Not Every Complaint Is a Request for Accommodation
Employees need to provide sufficient information to the employer that a health issue could be a disability that is interfering with their ability to work, as the U.S. Court of Appeals for the Eighth Circuit recently found.
In Powley v. Rail Crew Xpress, LLC, the employee driver had back pain that interfered with her ability to work. In accordance with the Americans with Disabilities Act, she provided medical documentation and received reasonable accommodations for her back pain, including limits on her hours of work. After she was transferred to a dispatcher position, she complained that the noise in the office was giving her headaches and asked to be transferred back to a driver position. She continued to submit medical notes that limited her work hours.

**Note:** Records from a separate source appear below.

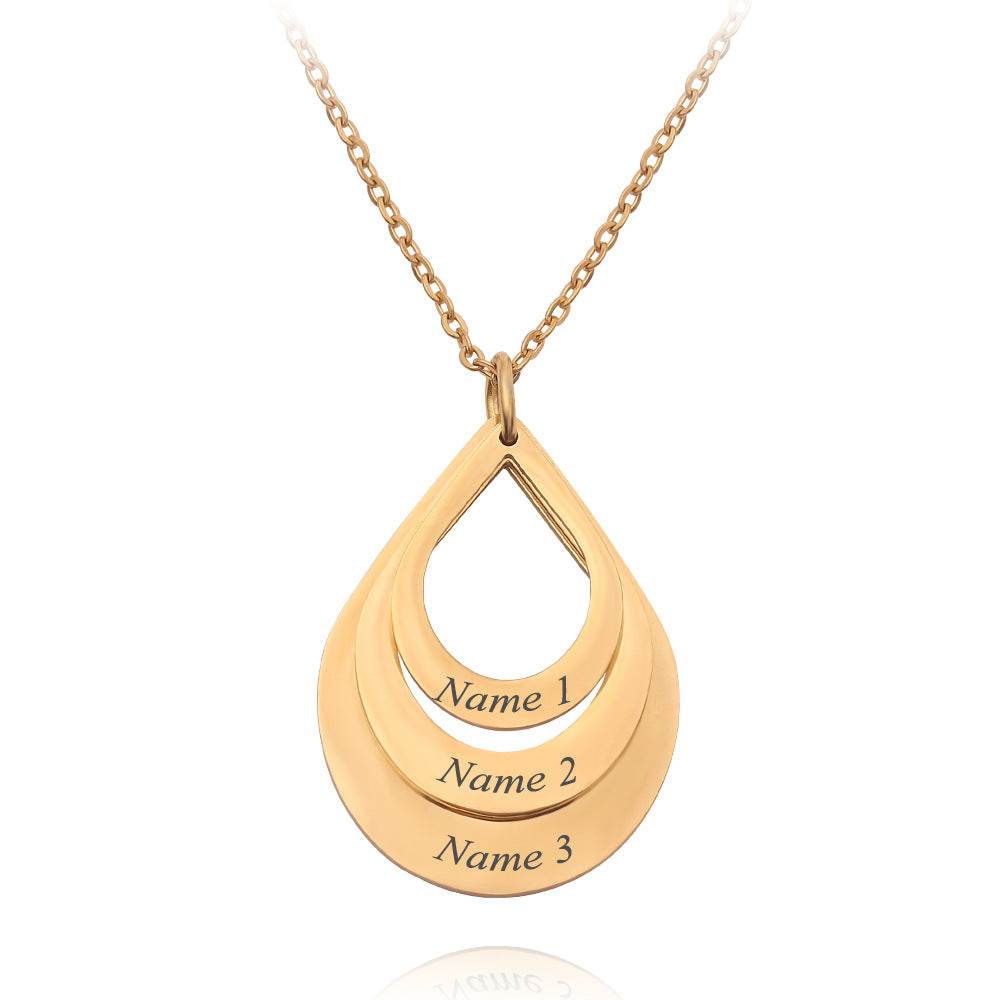 Customized 3 Water Droplet Engraving Name Stainless Steel Jewelry Pendant Necklaces For Women Personalized Gift - Velora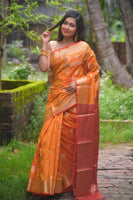 Load image into Gallery viewer, Mesmerizing Crystal Silk Banarasi Looked Saree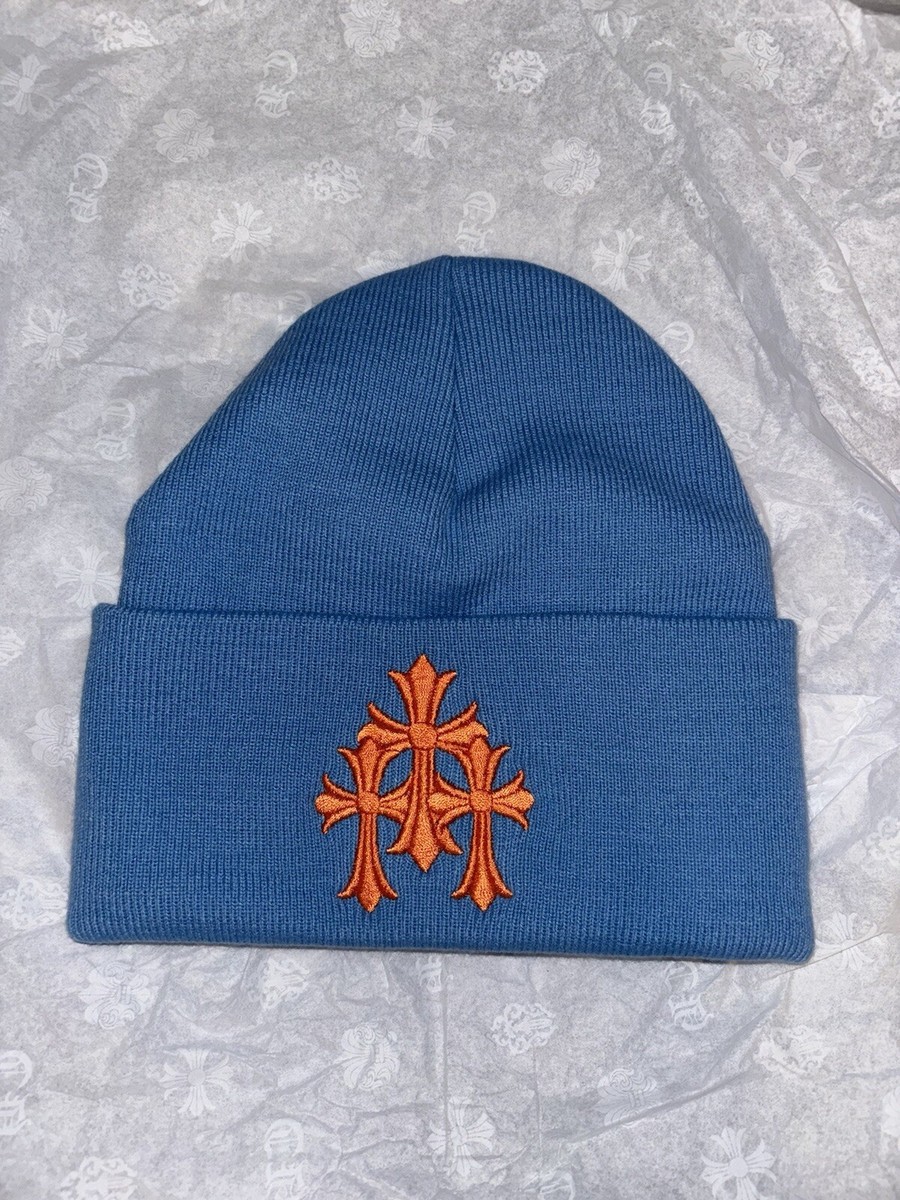 【正規品】CHROME HEARTS ビーニー ワンポイント刺繍 Chrome hearts triple cross cemetery beanie blue orange Brand New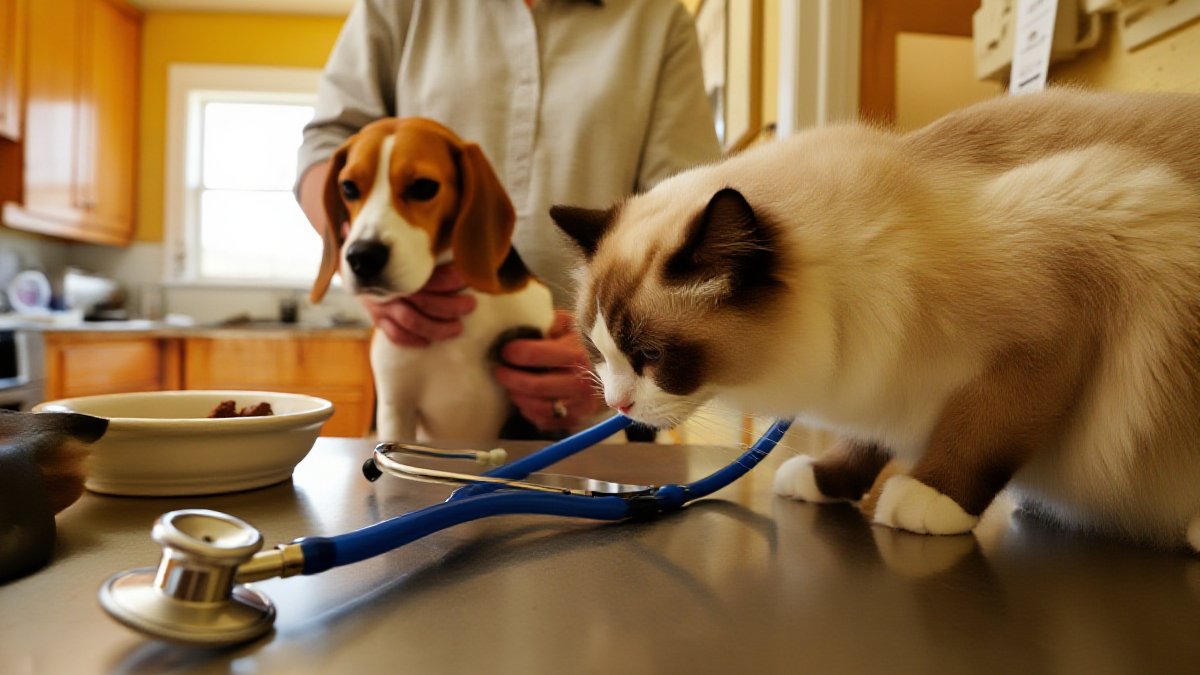 A calico cat eating from a ceramic bowl on a kitchen floor while morning light comes through a window, an American home kitchen softly blurred behind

Following her resignation from the dispatcher position, she sued the company for failure to accommodate her disabilities by refusing to transfer her back to the driver position.
The Eighth Circuit rejected her claim, finding that the employee had sought and received many accommodations for her back pain, so she was clearly aware of the process for requesting and obtaining reasonable accommodations. She never submitted a doctor’s note or indicated that her request to return to a driving position was connected to her known disability – back pain. And although she complained that the noise in the office gave her headaches, the Eighth Circuit noted that “she did not identify these headaches as migraines, did not inform [the employer] that headaches or migraines interfered with her work, and did not suggest that her request was based on medical needs—as she had in past accommodation requests.”
This case supports the common-sense proposition that employees have a responsibility to give their employers enough information to indicate that they have a disability and need an accommodation. The ADA is not necessarily triggered simply because an employee complains of “headaches” or some other minor ailment.